Owner's Guide to Herpes in Felines

Feline herpes is also known as feline viral rhinotracheitis or FVR for short. The upper respiratory tract is affected by this illness. Caused by the feline herpes virus type 1 (FHV-1), it can affect a cat of any age or breed.

Transmission

Cats infected with this virus shed it in secretions from their mouth, nose, and eyes. These secretions will infect cats who come into contact with them. Cats that come into contact with contaminated food dishes and litter boxes are also at risk. Owners can also harbor the virus on their clothes and hands.
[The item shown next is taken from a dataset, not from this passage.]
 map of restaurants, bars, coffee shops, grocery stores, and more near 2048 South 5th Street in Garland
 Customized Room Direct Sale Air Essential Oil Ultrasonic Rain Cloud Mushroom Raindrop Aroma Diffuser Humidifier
There are also felines who are particularly prone to this type of infection. Those who live in poorly cleaned or ventilated conditions are at risk. Kittens and cats around plenty of other cats are also susceptible. Cats are also at risk when they’re sick from some other diseaes and have a weakened immune system.

Symptoms

As you should already know by now, the upper respiratory tract is affected by this illness. Some of the most common signs include nasal discharge, sneezing, and nasal inflammation. Cats with this condition also routinely develop pink eye, or conjunctivitis. Complications during pregnancy is also a side effect of the herpes virus since it affects the reproductive tract too.

Diagnosis

This virus is pretty simple to diagnose in cats. Your cat’s nasal and eye secretions can be tested in a lab for the virus. The virus can be detected using various tests.

Treatment

Treatment of feline herpes virus mainly consists of supportive care since there is no cure. You will need to ensure that your cat eats and drinks. You will also need to clean any discharge from the eyes and nose. Cats that develop eye inflammation may be given eye drops.

It is also beneficial to minimize the amount of stress that your cat endures while he’s sick. If secondary infections occur, your cat may need to take antibiotics.

Prevention

You should be aware that after a bout with this disease, most cats become latent carriers. Latent carriers show no sign of disease although they are still capable of spreading it via their bodily secretions. Cats can be protected from thsi virus through vaccination.…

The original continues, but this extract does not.